EXERCISE BRIEF ▸ Using the data below, restate exactly every line from the one with "Santa Claus With" up to and including the one with "SPORTNOW Dumbbells Weights". No picture belongs in it.

DATA SUPPLIED ▸
=== Begin Enclosure ===
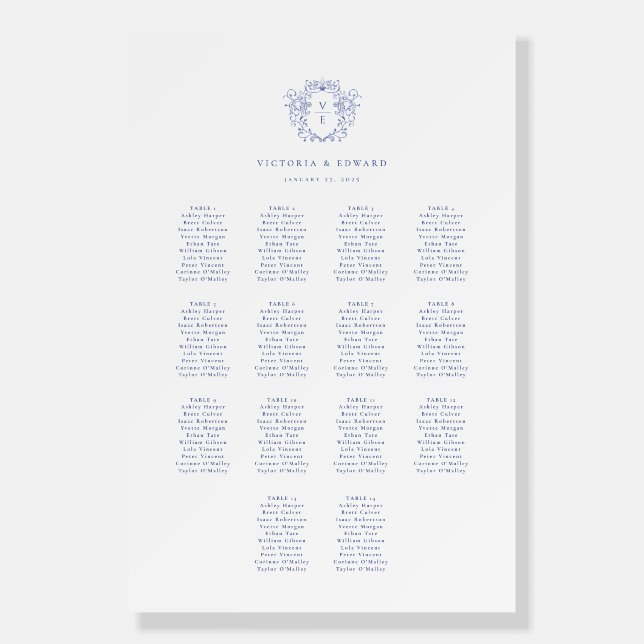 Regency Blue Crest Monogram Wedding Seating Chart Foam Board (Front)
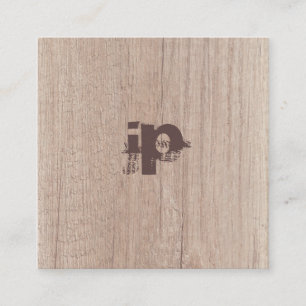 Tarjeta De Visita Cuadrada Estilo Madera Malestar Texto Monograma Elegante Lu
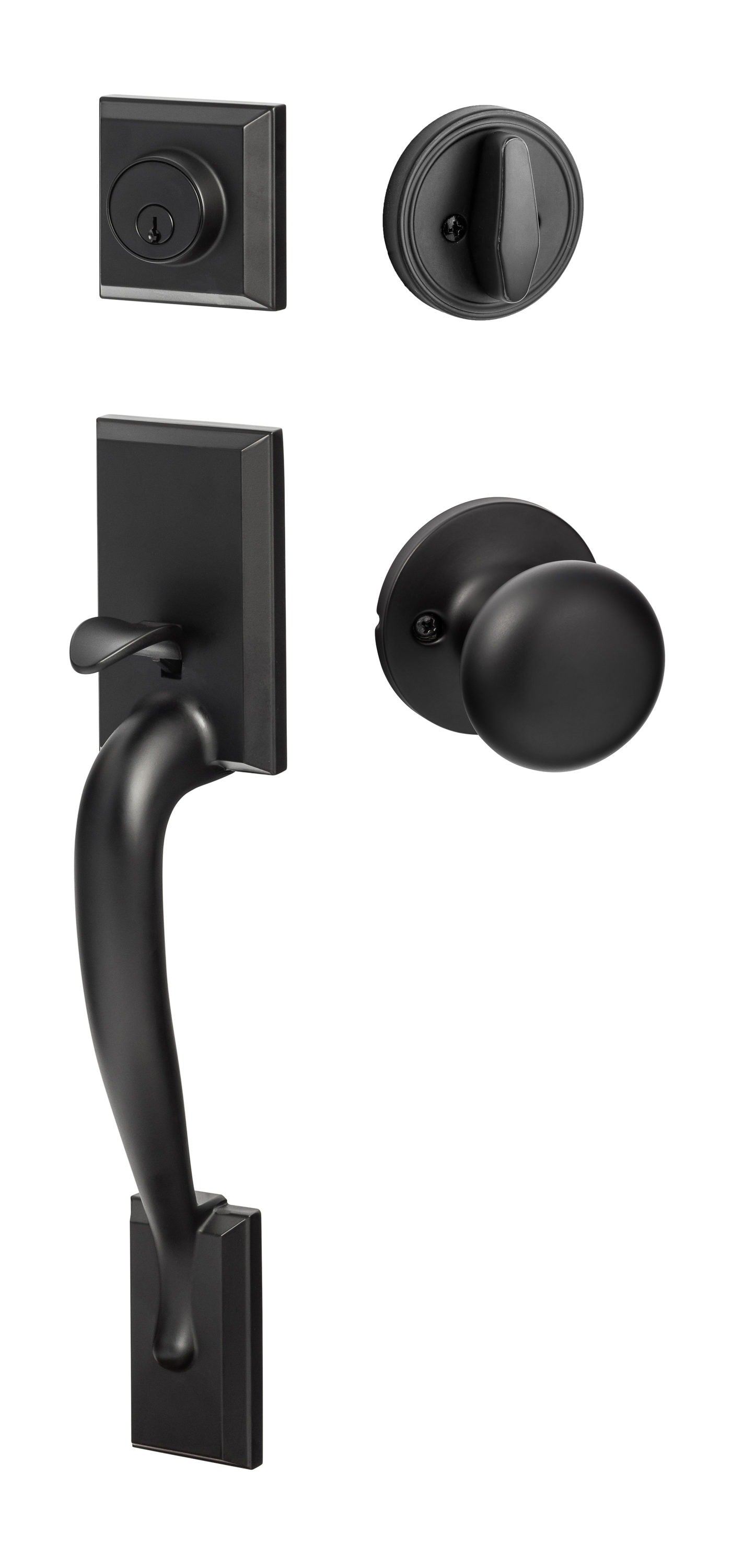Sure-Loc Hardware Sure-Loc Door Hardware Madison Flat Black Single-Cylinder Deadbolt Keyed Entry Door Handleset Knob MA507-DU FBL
=== End Enclosure ===
=== Begin Enclosure ===
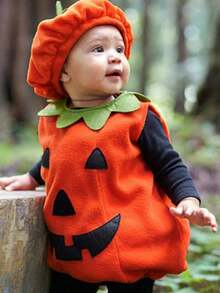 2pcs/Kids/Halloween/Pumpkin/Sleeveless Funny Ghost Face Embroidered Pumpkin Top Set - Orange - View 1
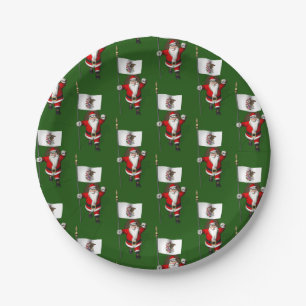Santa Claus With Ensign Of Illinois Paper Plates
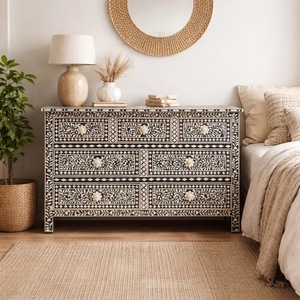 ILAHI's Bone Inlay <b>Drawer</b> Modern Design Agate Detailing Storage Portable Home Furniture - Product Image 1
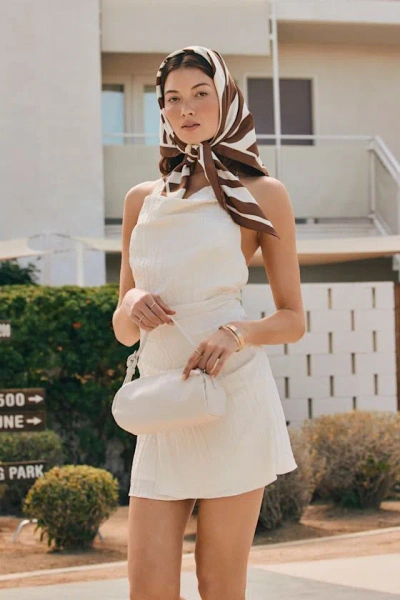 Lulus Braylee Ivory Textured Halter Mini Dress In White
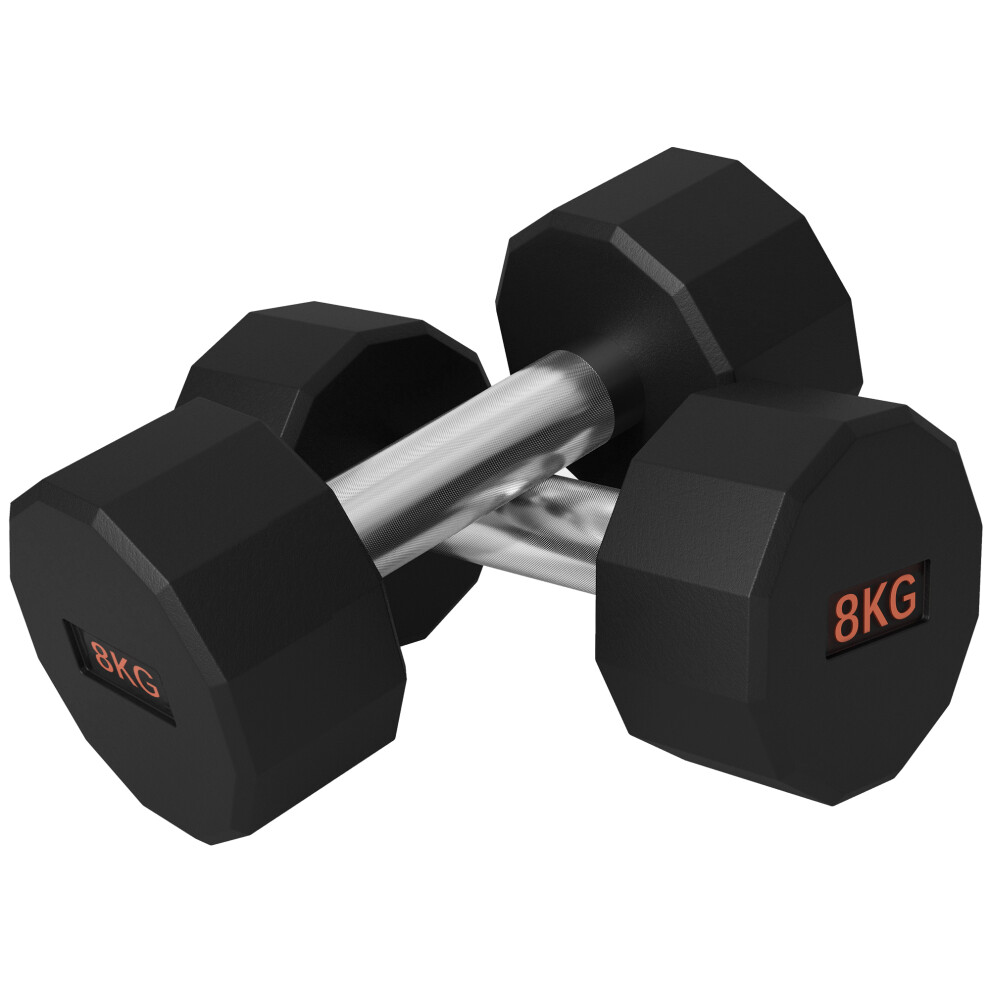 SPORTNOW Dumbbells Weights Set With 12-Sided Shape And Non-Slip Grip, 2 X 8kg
=== End Enclosure ===
=== Begin Enclosure ===
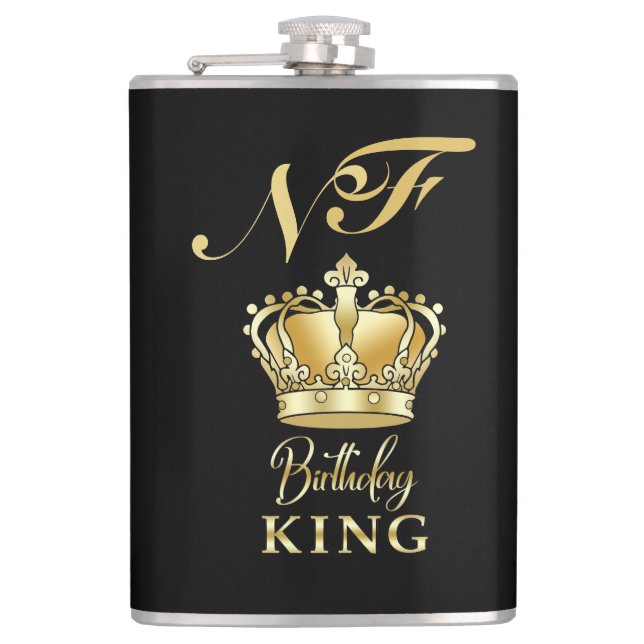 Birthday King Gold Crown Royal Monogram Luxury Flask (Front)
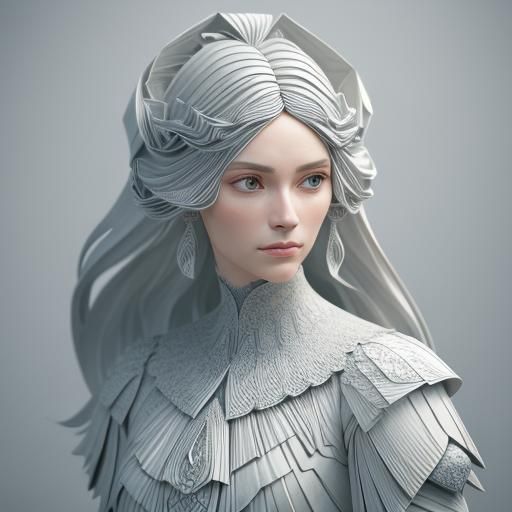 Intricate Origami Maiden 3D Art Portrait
=== End Enclosure ===
RESPONSE BOX ▸
Santa Claus With Ensign Of Illinois Paper Plates
 ILAHI's Bone Inlay <b>Drawer</b> Modern Design Agate Detailing Storage Portable Home Furniture - Product Image 1
 Lulus Braylee Ivory Textured Halter Mini Dress In White
 SPORTNOW Dumbbells Weights Set With 12-Sided Shape And Non-Slip Grip, 2 X 8kg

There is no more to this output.